*** Opening Task inputs ***

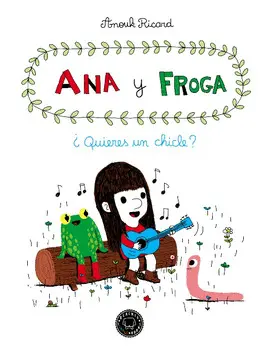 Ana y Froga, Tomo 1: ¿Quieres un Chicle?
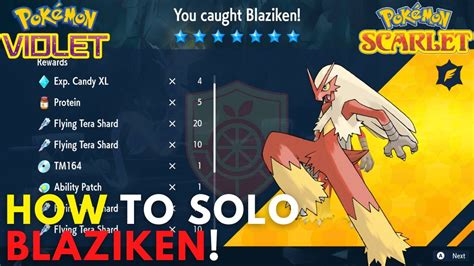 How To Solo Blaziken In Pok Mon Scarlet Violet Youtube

*** Closing Task inputs ***
*** Opening Task inputs ***

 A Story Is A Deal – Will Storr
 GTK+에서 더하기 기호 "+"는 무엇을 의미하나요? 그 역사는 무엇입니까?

*** Closing Task inputs ***

— Action item —
Among the entries above, the lines between the ones containing "A Story Is A Deal – Will Storr" and "GTK+에서 더하기 기호", inclusive, are to be transcribed exactly. No other line is to be given.

— Written reply —
 A Story Is A Deal – Will Storr
 GTK+에서 더하기 기호 "+"는 무엇을 의미하나요? 그 역사는 무엇입니까?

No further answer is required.